The question of whether cryptocurrencies can be considered as ‘property’ has been long debated in the legal world, both in England and beyond. Lord Wilberforce helpfully summarised the characteristics of property in National Provincial Bank v Ainsworth: ‘… it must be definable, identifiable by third parties, capable in its nature of assumption by third parties and have some degree of permanence or stability’. Whether a cryptocurrency is defined as property can have a real impact on how the asset can be dealt with, whether it can be secured or charged, and – perhaps most importantly for present purposes – whether and how it can be seized or frozen for the purposes of enforcement.


Last year, the Singapore International Commercial Court recognised that cryptocurrencies can be considered as property capable of being held on trust in B2C2 Ltd v Quoine Pte Ltd. While the English courts had previously treated cryptocurrencies as property, the authorities did not analyse the issue in any depth. By way of example, in Liam David Robertson v Persons Unknown & Ors, Moulder J granted an asset preservation order and a Bankers Trust order over bitcoin. In Vorotyntseva v Money-4 Limited t/a Nebeus.com, Birss J granted a freezing order over bitcoin and ether.

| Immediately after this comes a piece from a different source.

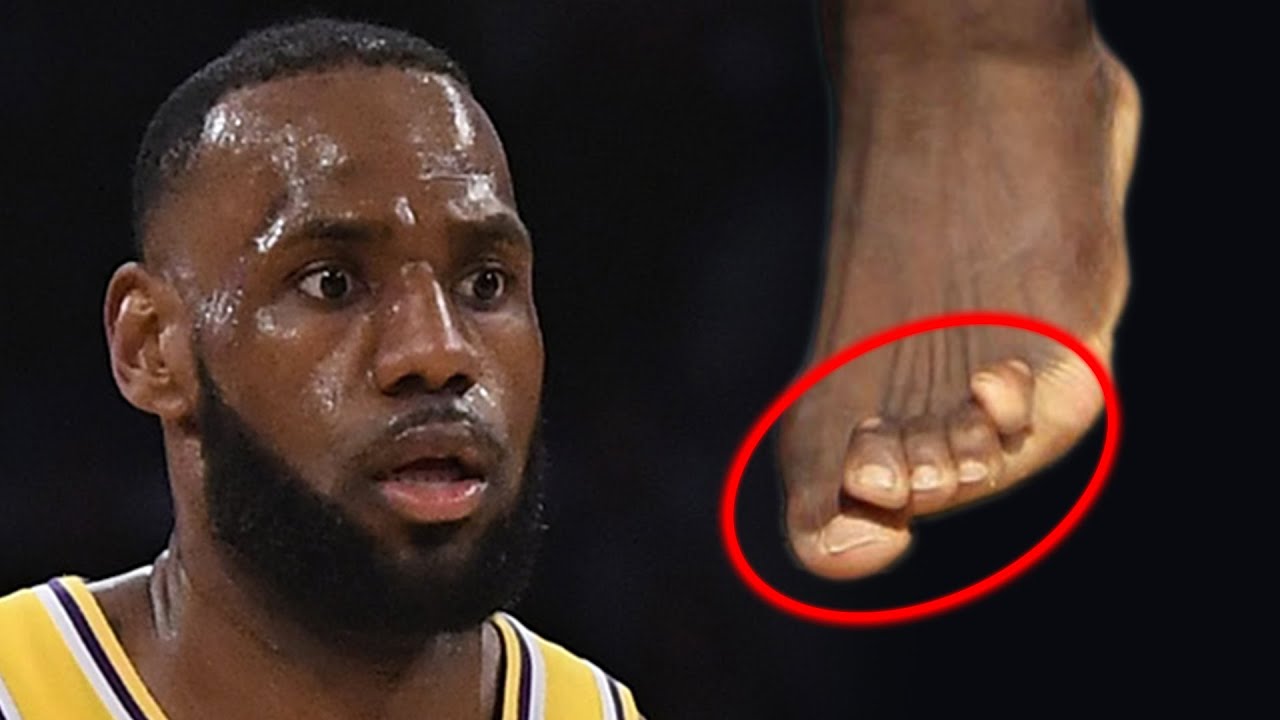 lebron james foot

Importantly, neither party had argued that cryptocurrency could not be a form of property. These judgments were considered in the recent Legal Statement on the Status of Cryptoassets and Smart Contracts by the UK Jurisdictional Taskforce (UKJT), which concluded that crypto assets might not be classifiable as ‘things in possession’ or ‘things in action’, but can be treated as ‘another, third, kind of property’.

Most recently, in the important case for English insurers of AA v Persons Unknown and others, the English High Court considered the analysis in the UKJT as ‘compelling’ and granted an interim proprietary injunction in respect of a bitcoin ransom payment. The case arose following the computer hacking and encryption of a Canadian insurance company’s customer systems. Following the attack, the Canadian company, which was insured by an English insurer, was subject to a ransomware demand that to get its data back, it had to pay for a decryption tool in the amount of $1,200,000 in bitcoins. In light of the importance of the systems that had been encrypted, the English insurer agreed to pay $950,000 in ransom for the tool. The sum was paid in bitcoins. Following the payment and the recovery of the systems, investigations were carried out which tracked the bitcoins that had been transferred. The English insurer applied for a proprietary injunction over the bitcoins in order to recover the ransom payment.